Hehe…the Mormon comment made me laugh. I’m very sorry you have to deal with all these comments. I would have run crying from the room several times. So you’re doing great and only a few more days!
I don’t know how you haven’t strangled her yet. Or at least given her a good stiff bitch-slap.
But whenever I start feeling sorry for myself about having my MIL living in the same town, I’ll remember this and bless my stars that at least she’ll never be a houseguest.
Use the calming chant from ‘Anger Management’:
“Goosfraba.” Say out loud and confuse the hell out of her.
I know this situation sucks for you, but damn if it isn’t pure comedy for the rest of us. Hang in there.

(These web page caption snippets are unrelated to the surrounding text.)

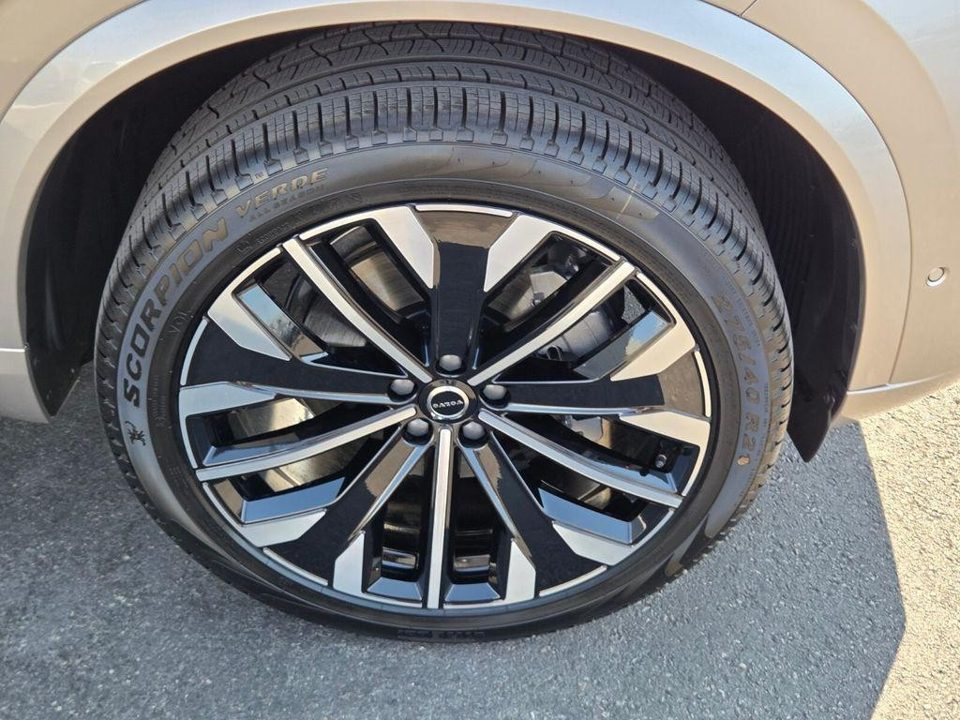 2026 Volvo XC90 Plus, B6 AWD Gas (mild hybrid), Gasoline, Bright, 7 Seats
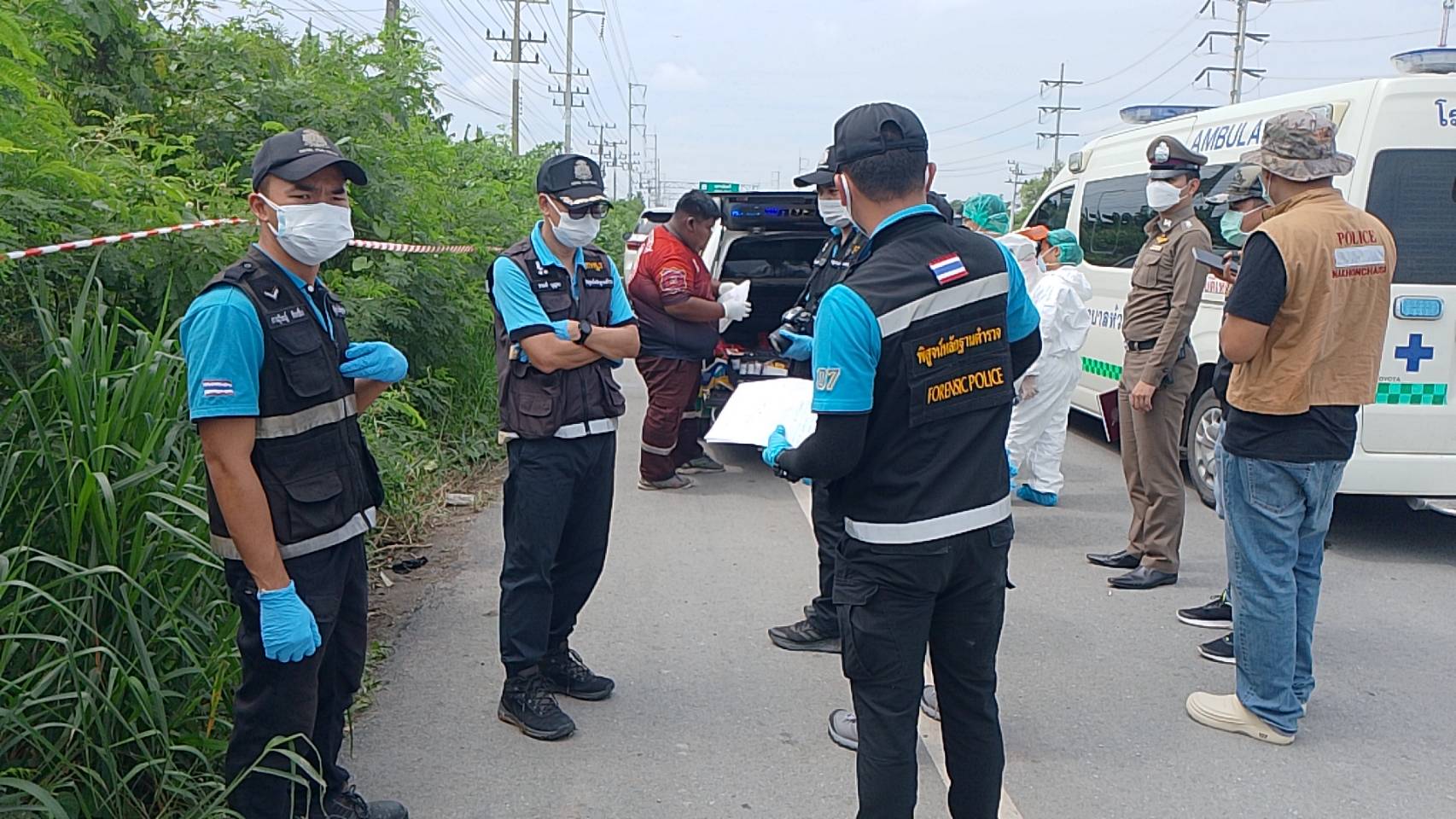 ผงะ!!พบศพสาวทอมนอนอืดในน้ำมีสายไฟพันคออยู่ในตัวตำรวจประสานข้อมูลเจอเป็นคนกรุงเทพ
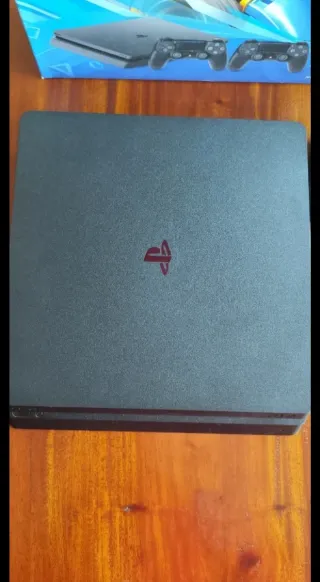 PS4 1TB Crash Team Racing Nitro-Fueled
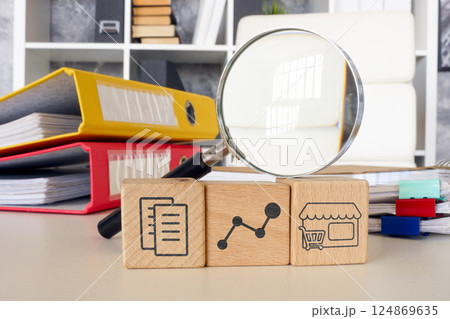 Magnifying glass and symbols of retail and franchising. 124869635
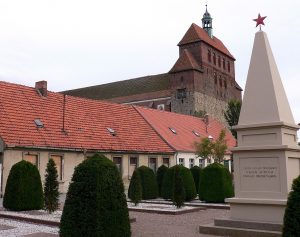 Dom zu Havelberg mit russischem Denkmal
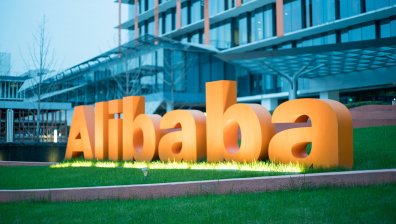САЩ добавиха Alibaba, Baidu, BYD и Nio в списък с компании, подпомагащи китайската армия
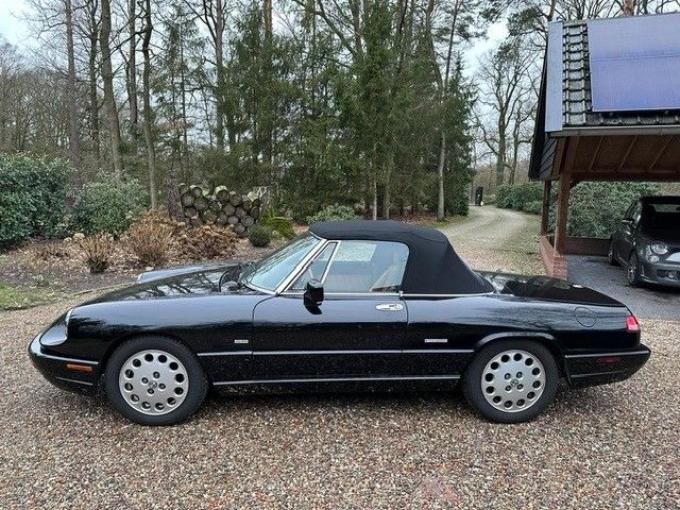 Alfa Roméo Spider SPIDER  de 1991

Hey! I think your MIL and my MIL went to the same training camp. And it sounds like she too passed “mean spirited comments” and “withering looks” with flying colours. Did yours also manage to skip the final physical (which would have revealed the ability to breath fire and green horns at the base of her neck) by using her super human guilting ability on both the trainer and your husband? Oh, Mine also wrote the book, “How to kill your Daughter in Law’s self worth in 5 steps or less.”
Good luck, I glad it’s almost over!
My MIL is nice but we won’t ever see much of her (she and my husband haven’t been on speaking terms for years, which has more to do with my husband’s stubbornness than hers) but my FIL. Oh, my FIL. I feel your pain as your MIL sounds much like my FIL. I feel your pain and desperation for the visit to be over.
I’m sure this has been covered elsewhere, but why, oh why, hasn’t your husband stepped up to the plate here? Why is he allowing HIS mother to treat his wife, not to mention the mother of his children, this way?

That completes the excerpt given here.